FlashBack Exact Model¶
This page explains why FlashBackGraph can compute diversity, entropy, Hill
numbers, and generation probability exactly, and how that differs from the
estimated quantities in the LZGraph family. No heavy math is
required; the key idea is structural.
A Markovian graph over FlashBack tokens¶
The FlashBack decomposition recursively peels matching runs of characters from both ends of a sentinel-wrapped sequence, producing a sequence of tokens. Build a graph whose nodes are those tokens and whose edges are the transitions between consecutive tokens, with edge weights estimated from your data.
The important property is that this graph is strictly Markovian: the probability of the next token depends only on the current token, not on the whole history. That makes the probability of a full sequence a simple product of edge probabilities along its path.

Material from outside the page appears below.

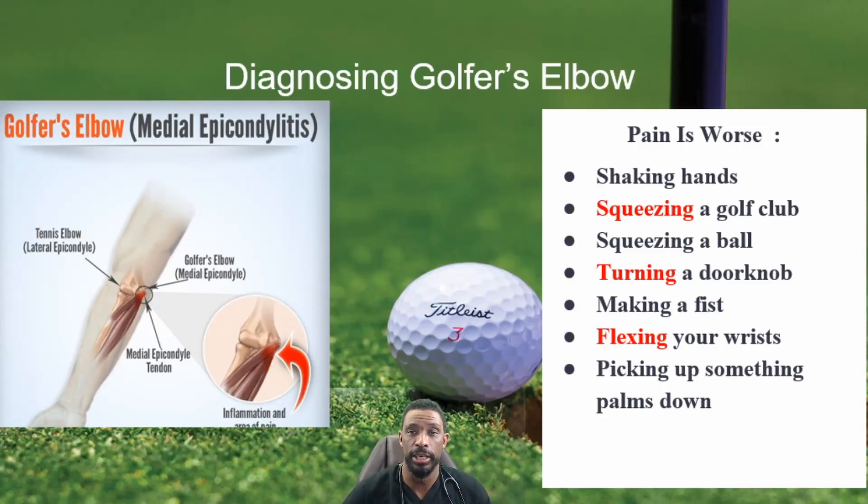How can you diagnose golfer's elbow? The thing you need to assess is what makes the pain worse. Activities that can do that include shaking hands, squeezing a golf club or ball, turning a doorknob, making a fist, flexing the wrist, or picking up something in a palm-down fashion. If any of those things cause pain, it can be an underlying clue that you may have golfer's elbow.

Why that makes analytics exact¶
When a distribution factorises over the edges of a directed acyclic graph, you can compute sums over all sequences the graph can produce without ever enumerating them, by a single sweep in topological order. This is forward dynamic programming: each node accumulates a quantity from its predecessors, and one pass yields the total.
Because of this, the following are computed exactly, with no sampling:
- Generation probability (
pgen) of any sequence: a product along its path. - Path count: how many distinct sequences the graph can produce.
- Shannon entropy and effective diversity: an expectation over the full distribution, summed by the same forward pass.
- Hill numbers
D(q)and the diversity profile.
Exact versus estimated¶
The LZGraph family uses a coarsened LZ76 dictionary that is not strictly
Markovian in the same way, so some quantities (notably constrained simulation
and certain diversity measures) are obtained by sampling sequences and
aggregating. Sampling introduces variance: a different random seed gives a
slightly different answer, and rare structure can be missed.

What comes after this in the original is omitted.